Being fear our most distressing sensation, we’ve kept projecting it anywhere and everywhere. Globalization has transformed our world into a particularly depressing local village filled with future-fearing individuals. Born during a period of economical & social growth new generations experienced a far more easy & carefree childhood than those of the baby-boomers. Unfortunately, material comfort is not a synonym of confidence in the future. These new generations have quickly understood they’ll be sacrificed to economic and demographic imbalance. Depressed, overwhelmed, this is the young European prototype.
Are there any reasons to be depressed? Alain Erhenberg writes in his “The Fatigue of being oneself” that depression is the psychological suffering of our current world just like the 19th century suffered from neurosis and hysteria. These are underpinned by a fear of a guilt coming directly from a social system which systematically blames its individuals … with the help of religion or moral (you can choose here).

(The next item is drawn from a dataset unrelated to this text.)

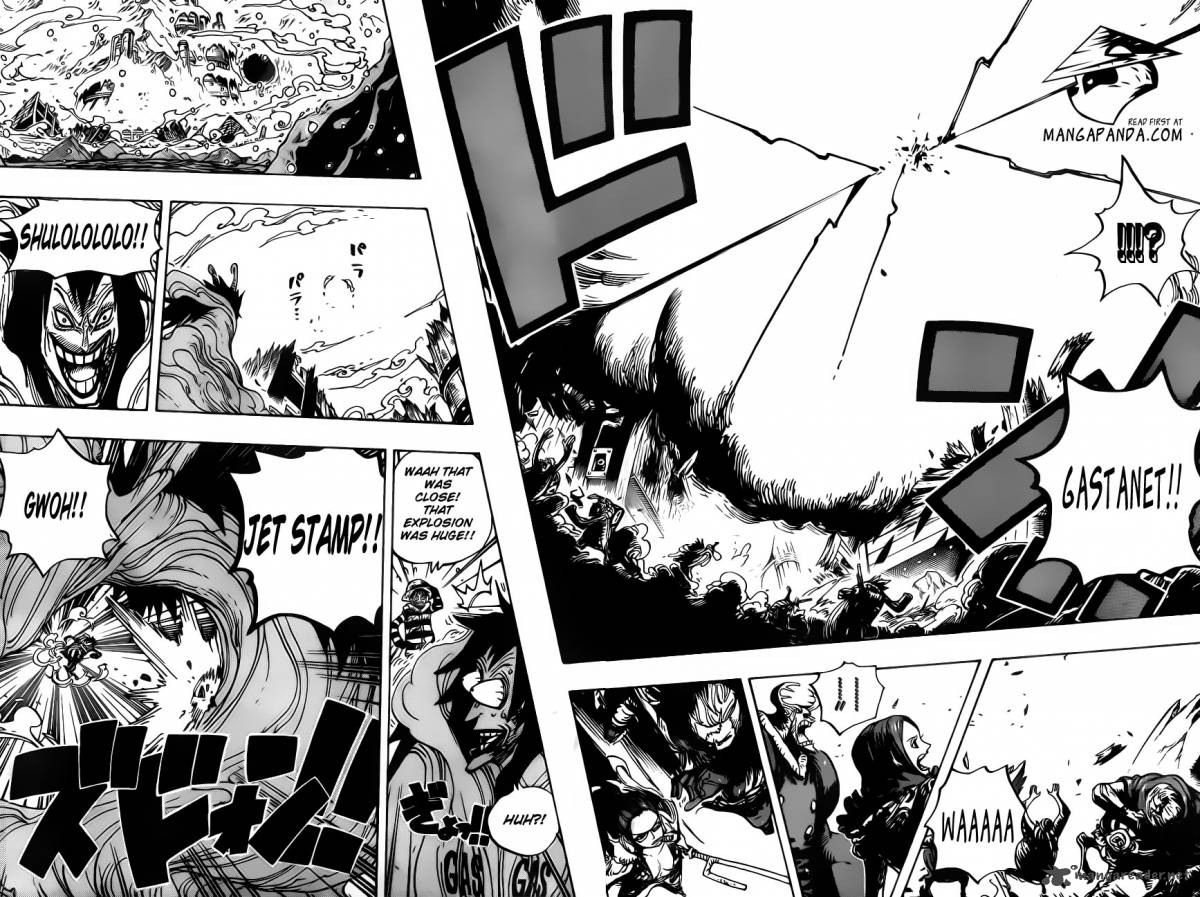 Chapter 671 - The Gas-Gas Fruit (Image 12)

Our habits & social behaviors have certainly evolved over the past century, just like our societies. We do not “inherit” however, not anymore, we “make ourselves”. Freedom is still predominant in our so-called “1st world”, but keeping it has a price. “Making ourselves” is extremely demanding, and generates identity anxiety. Depression comes after the individual challenges himself and his heavy freedom…
And this freedom-depressive effect is in crescendo of course. New generations have accepted this poisoned gift one after another, until the current labor market pressure was added on top of the social and self-existential ones. Those born in the 80s & 90s have been lucky enough to know the economic slow-down & the unemployment explosion en the European continent.
Those born during the post WWII “The Glorious Thirty” benefited from a previously unknown development many times counterbalanced by a not-so-easy childhood. Many made good profit of the new social elevators activated at that time and succeeded with brilliant careers and better living standards. But in the meantime the social European machinery has rusted despite EU inventions. These new precarious generations are unsatisfied and won’t believe what the political elites promise, those baby-boomer who despite being just as idealistic (some, not all) more than 30 years ago have also failed before, during and after the current economic diarrhea.
The main characteristic of these “Indignants” is that they’re not asking for anything in particular, they’re only willing to be part of the social tissue and be happy … something now intimately related with who we are and not with what we have.